Source data
*** Begin section ***
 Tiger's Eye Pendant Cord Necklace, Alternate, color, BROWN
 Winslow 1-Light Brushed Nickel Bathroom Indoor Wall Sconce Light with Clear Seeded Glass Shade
*** End section ***
*** Begin section ***
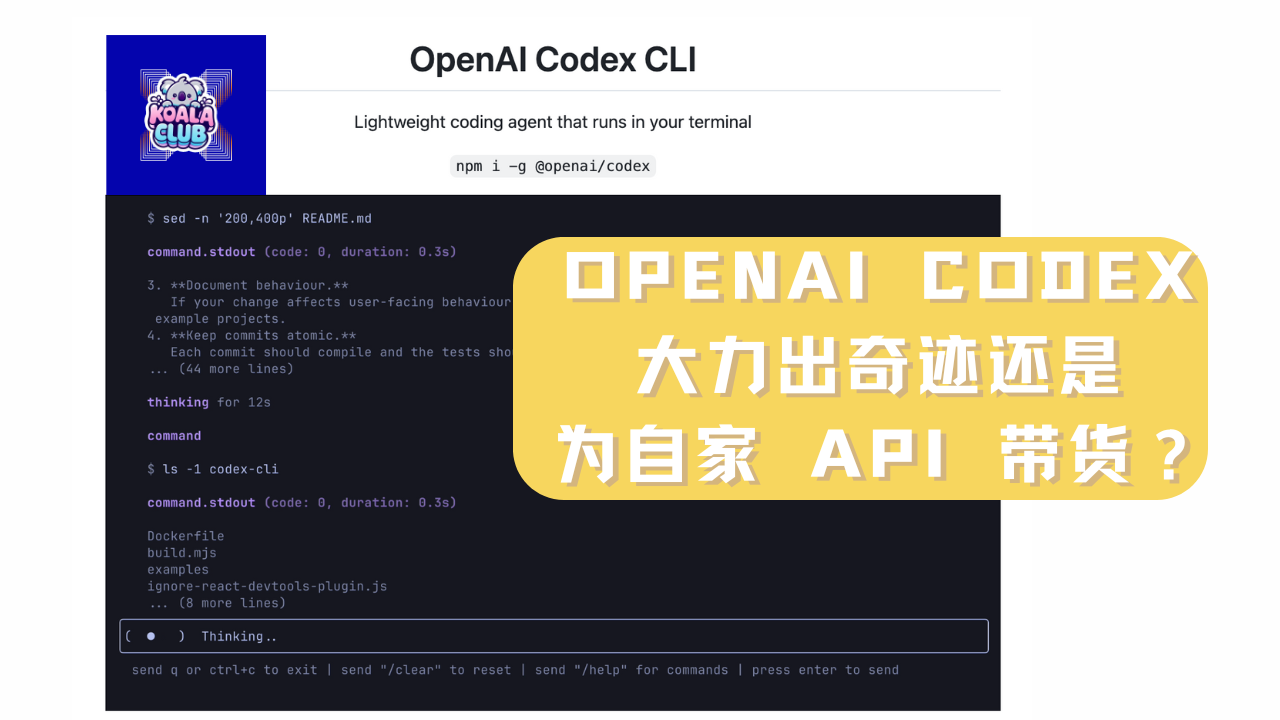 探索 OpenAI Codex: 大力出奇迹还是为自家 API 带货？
*** End section ***
*** Begin section ***
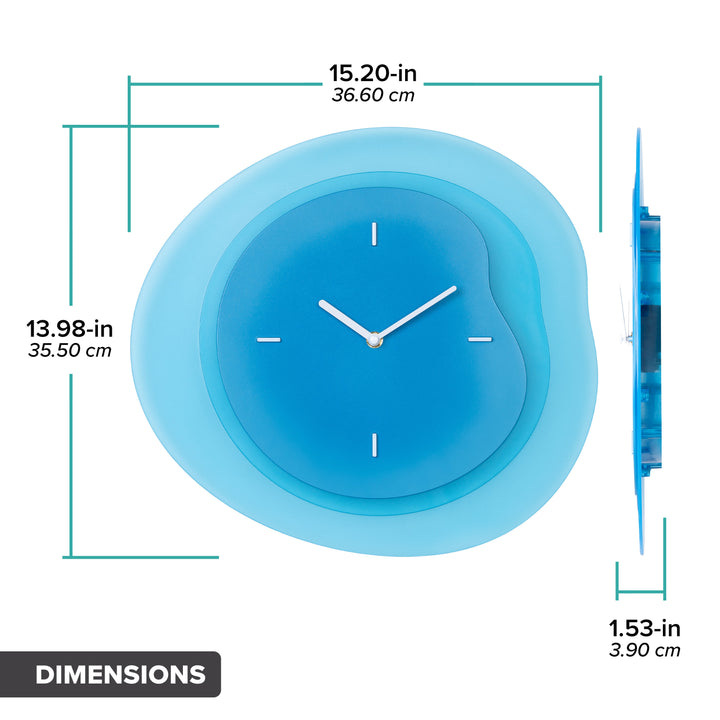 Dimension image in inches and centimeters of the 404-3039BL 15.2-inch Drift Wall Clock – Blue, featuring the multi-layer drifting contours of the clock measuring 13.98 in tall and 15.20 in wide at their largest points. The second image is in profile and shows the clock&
*** End section ***
Exercise aim
From the material above, copy exactly the lines between the line holding "Tiger's Eye Pendant" and the line holding "Winslow 1-Light Brushed", inclusive, and only those.

Expected answer
 Tiger's Eye Pendant Cord Necklace, Alternate, color, BROWN
 Winslow 1-Light Brushed Nickel Bathroom Indoor Wall Sconce Light with Clear Seeded Glass Shade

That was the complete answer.